Friday, the 13th of April

The sun shines, the sky is blue.  I see through the window that the catkins are leaving the hazelnut tree, off in search of those small red female catkins I presume.  Busy ensuring a good crop of hazelnuts in the fall, which pleases me greatly.

The lilac buds are swelling.  I look forward to their wonderful fragrance in May - something we haven't had since we left the Lost Garden on Tenth, as the lilac we planted on the hill just sulked for five years and only had two or three blooms in all that time.

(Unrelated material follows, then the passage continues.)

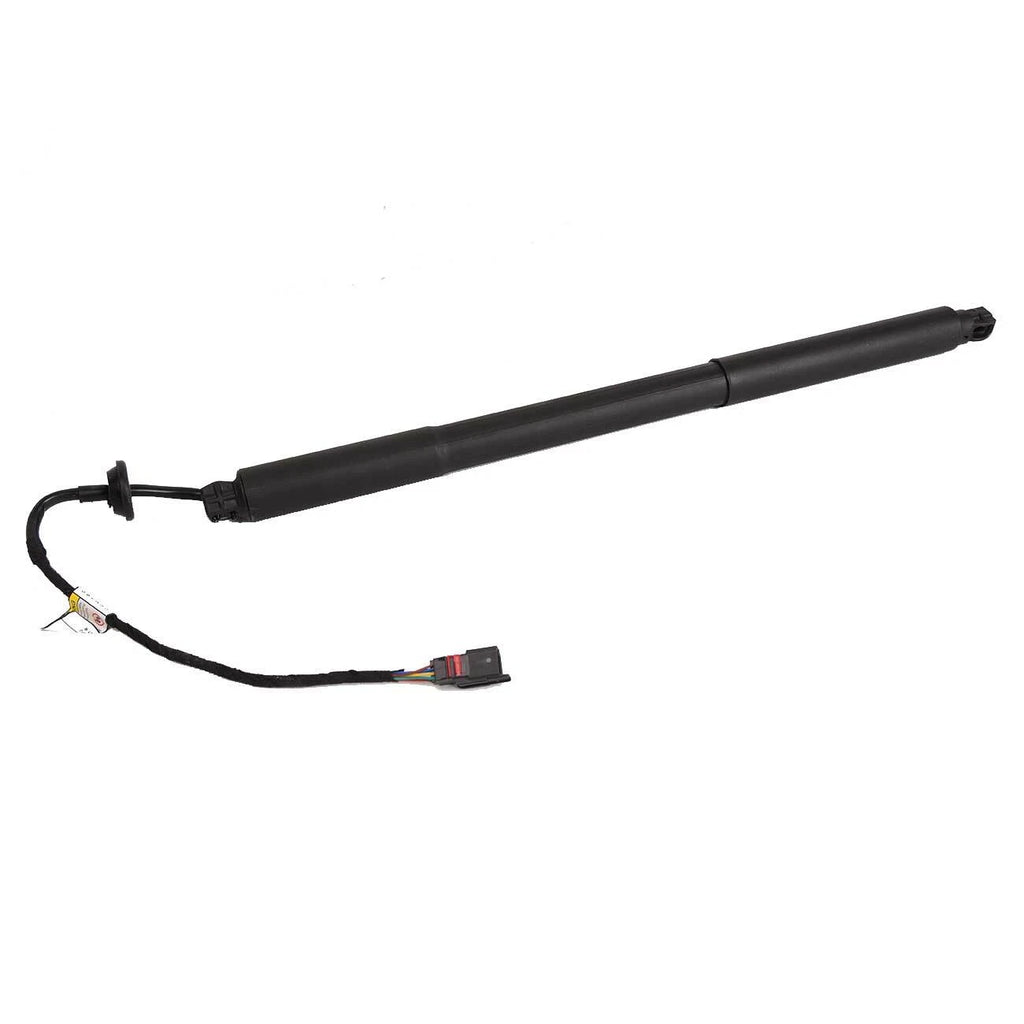 Rear Right Tailgate Lift Support for Volvo XC60 (2012-2017)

I have been out planting grass seeds in the little bed that lies smack in the middle of the front handkerchief lawn.  Vincent leveled it off and prepared it for seeding before he left for home on the Meadow, so I spread the seed, covered it with fine soil, tramped it lightly with my clogs and spoke sharply to the little birds about getting into the cookie jar, so to speak.

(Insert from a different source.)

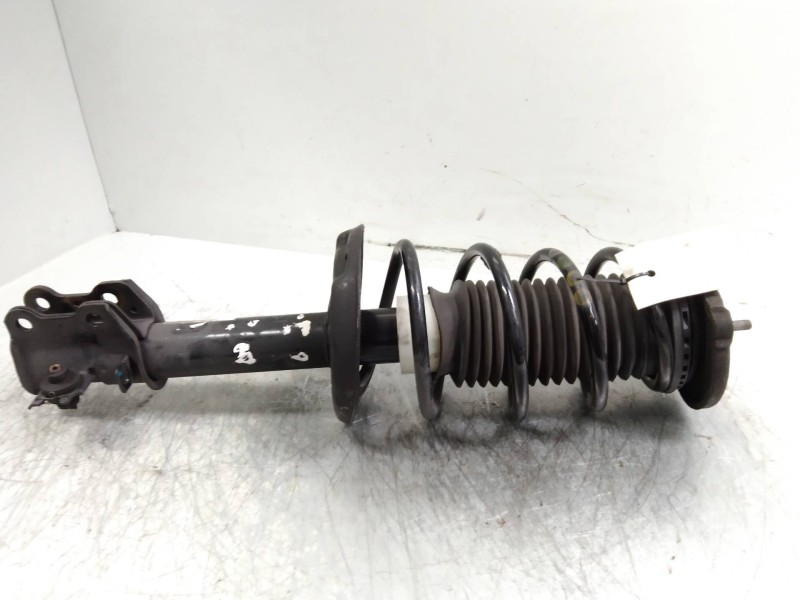 Recambio de amortiguador delantero derecho para fiat linea (110) 1.3 16v jtd cat referencia OEM IAM   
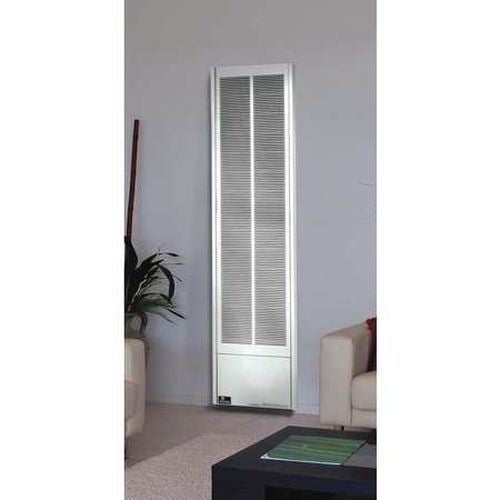 Gas Wall Furnace 35 000 Btuh Ng Empire Gwt35wnat Walmart Com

The maple and the willow that shade the front lawn are both taking advantage of the nighttime showers and the daytime sun and herald spring with tiny delicate leaves and winged seeds on the maple that grow longer and more elegant each day.

Our neighbour to the west has a lovely circular carpet of violets 

and over the fence, to the east, the apricot tree is starting to bloom

Gardening in town is not spectacular but, as always, it touches the heart
and at the end of the day one must always smell of glorious rich dirt!

The day the Lord created Hope was probably the same day he created Spring
Bern Williams

I am going out now to plant the remnants of the indoor spring bulbs that made waiting for spring bearable.

And to find the perfect spot for the amaryllis bulbs to summer-over.

And, here, too is an excerpt from A.E. Housman's Spring Morning

Star and coronal and bell
April underfoot renews
And the hope of man, as well
Flowers among the morning dews.

Now the old come out to look.
Winter past and winter's pains.
How the sky in pool and brook
Glitters on the grassy plains.

Easily the gentle air
Wafts the turning season on;
Things to comfort them are there
though 'tis true the best are gone....

It seems to me especially meaningful and relevant.


Barb said...

Glad you're out playing in the dirt, Hildred. Won't the smell of lilacs be glorious? I have a bush here in Denver, too. Often I'm traveling when it blooms, but I'm hopeful this year I'll be able to gather some for indoors.

Sallie (FullTime-Life) said...

The poem makes me cry (not entirely unhappy tears, just matter-of-fact ones). I'm hoping there will be lilacs in Colorado still when we are there in June...sometimes there are. (They're always gone in Oregon by the time we get there.)